En revanche, là où la machine judiciaire s’emballe, c’est sur un autre terrain : celui du blanchiment d’argent. Une avalanche d’interpellations et d’arrestations s’appuie désormais sur les rapports de la CENTIF. Des citoyens, souvent éloignés de la gestion des deniers publics, se retrouvent accusés, exposés, parfois brisés, pendant que ceux qui ont effectivement eu la main sur les caisses de l’État passent, eux, curieusement entre les gouttes.

Ainsi, la reddition des comptes s’applique non pas à ceux qui ont géré, mais à ceux qu’on peut facilement atteindre. Les vrais décideurs semblent jouir d’une étrange immunité morale, pendant que d’autres paient pour donner l’illusion d’une justice active.
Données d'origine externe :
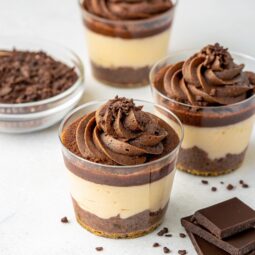 Chocolate Cheesecake Dessert Cups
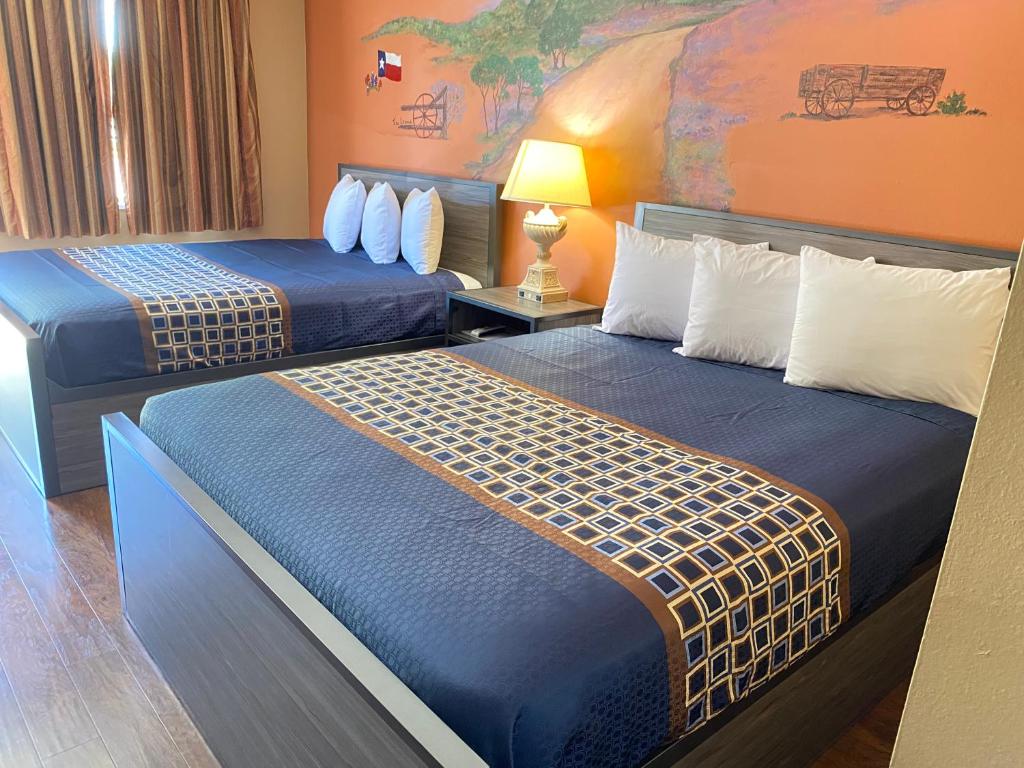 Americas Best Value Inn - Legend's Inn image 12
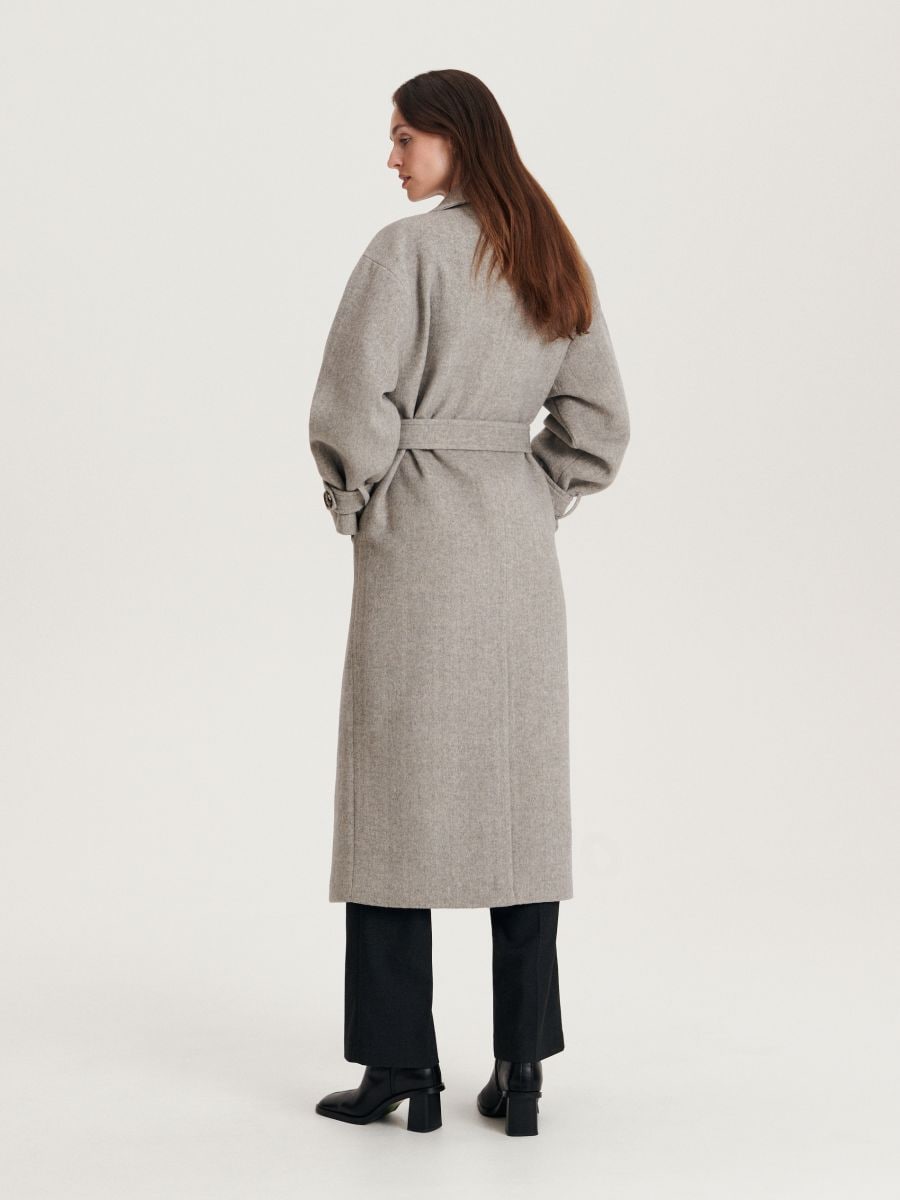 Relaxed design wool rich coat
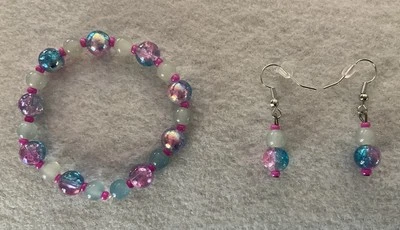 Conjunto de pulseira elástica e brinco feminino rosa e azul algodão doce com miçangas 6,25” - Imagem 1 de 4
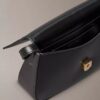 Borsa fotografica con patta Monogram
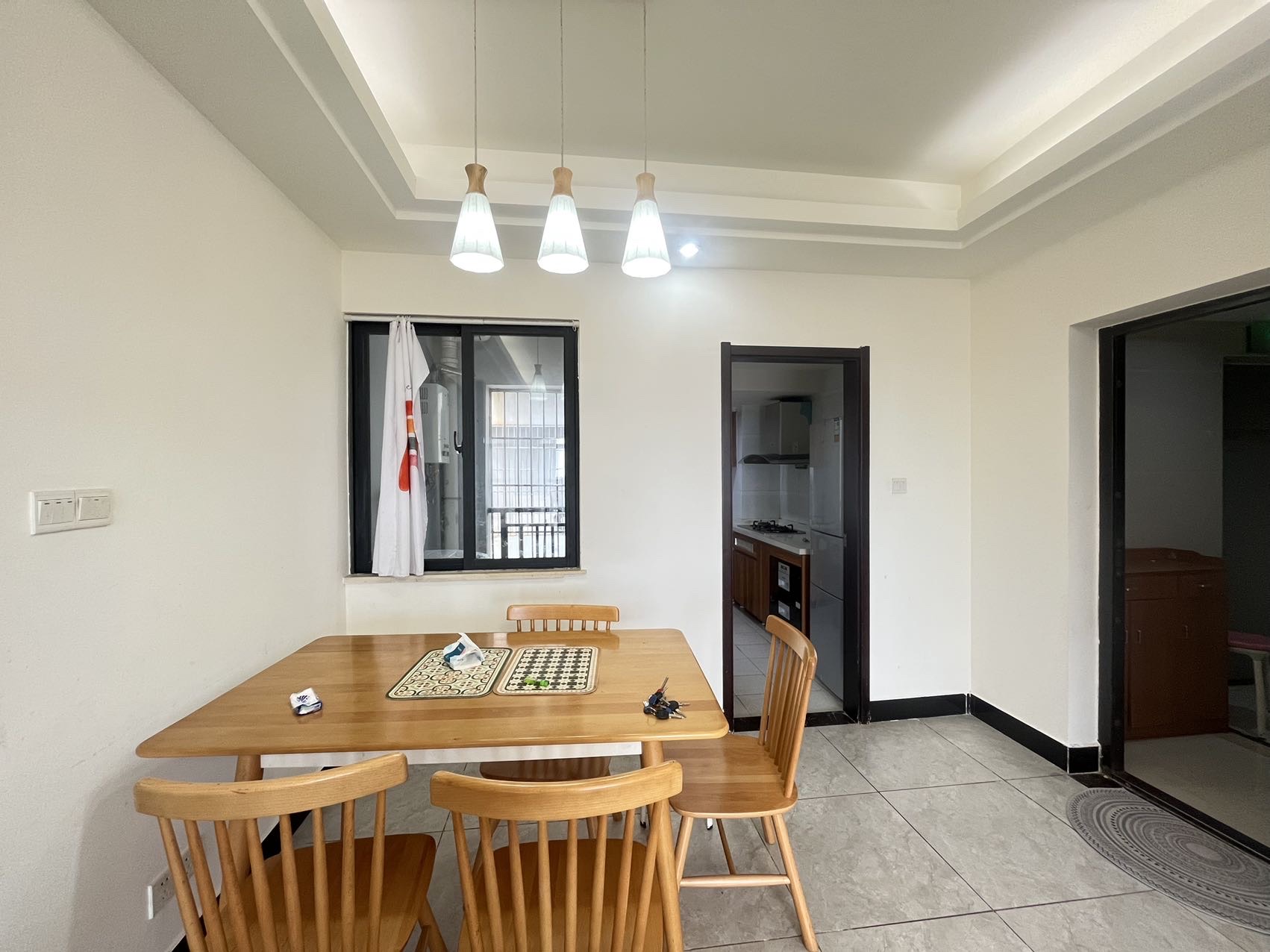 椰岛广场  1室1厅1卫    142.0万 椰岛广场  1室1厅1卫    142.0万客厅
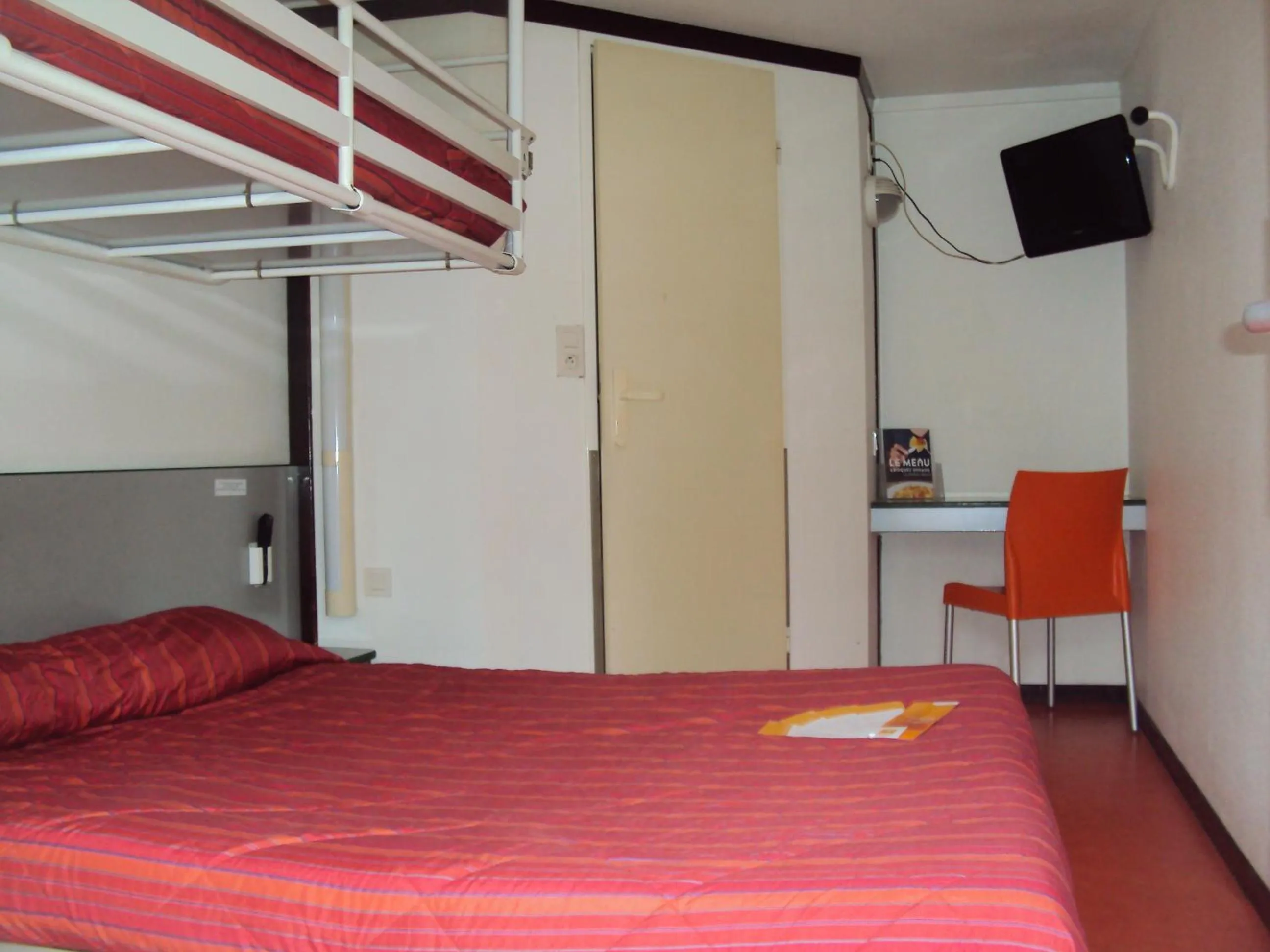 Bedroom, Bed in Premiere Classe Epinal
Cette inversion des priorités laisse un goût amer. La promesse d’assainissement s’est transformée en stratégie de diversion. On occupe l’opinion publique avec des dossiers spectaculaires, pendant que les véritables affaires de gestion dorment tranquillement dans les tiroirs.

Il ne s’agit pas de défendre qui que ce soit. Il s’agit simplement de rappeler que la justice ne se rend pas à la carte, ni au gré des rapports qui arrangent.

La reddition des comptes ne doit pas devenir une arme de communication ou un instrument de vengeance. Elle doit rester ce qu’elle aurait toujours dû être : une exigence d’équité, de transparence et de vérité.

Car, au fond, le peuple n’attend pas qu’on arrête pour impressionner, mais qu’on juge pour convaincre.

Et pendant que les comptes ne se rendent toujours pas, une autre traque, plus insidieuse, s’installe : celle des paroles libres. On ne poursuit plus seulement les gestionnaires, on cible désormais ceux qui osent questionner,

critiquer, déranger. La parole indépendante devient suspecte, la pensée critique, subversive.

La reddition des comptes promise se mue en reddition des consciences. Et c’est peut-être là, le plus grand détournement de tous.